Fear not, for I have
redeemed you;
I have called you by
your name;
You are mine.
When you pass through
the waters, I will be with you;
And through the rivers,
they shall not overflow you.
For I am the Lord your
God, your Savior.
Isaiah 43
A blog or so back, I told my story of rebellion
against God and His grace and rescue, but the end of that blog post was not the
end of the story. Here’s an embarrassing admission; sometimes I wonder if
people look at me and think I have it all, because I do – I have a wonderful husband, two adorable (and mostly well-behaved)
children, a great job in a profession I love and have always wanted to
practise. I have so many amazing friends and an extended family that are all
still together and successful themselves.

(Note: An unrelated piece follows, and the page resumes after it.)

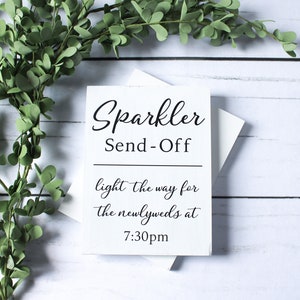 Sparkler Send Off White Washed Wood Wedding Sign | Sparkler Send Off Reception Wood Sign | Wedding Reception Decor | Light the Way Wood Sign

I don’t seem to struggle with my
weight and am often complimented on my clothes or my hair. (Are you puking
yet?) Hold on though, this is just my objective assessment of what my life may look like from the
outside. But I’m going to tell you the inside, and it’s not pretty.
Last July, I was diagnosed with depression. This
is my story.
Since our twins were born, I have had
difficulty sleeping. I have a great doctor who has been walking me through this
struggle and so when I came into his office and told him that I thought I may
be suffering from depression, he took the time to ask me again my responses to
a series of questions. When he got to
the one that asked, “do you feel others would be better off without you?”, I
paused, thought of my sweet boys and my gentle husband and sobbed as I
answered, yes.
I will never forget that moment. It was the
answer I was so afraid to admit because I genuinely believed it was true. You
see, I didn’t know I was depressed. My depression didn’t look like what I
thought depression would look like. I didn’t have trouble getting out of bed or
rendered unable to try. Not at all. I was DRIVEN. Hounded, trying, striving, working, desperately attempting to PROVE that I was
not the things that I felt – a failure, disgusting, full of guilt and shame, a
person that others would be better off without.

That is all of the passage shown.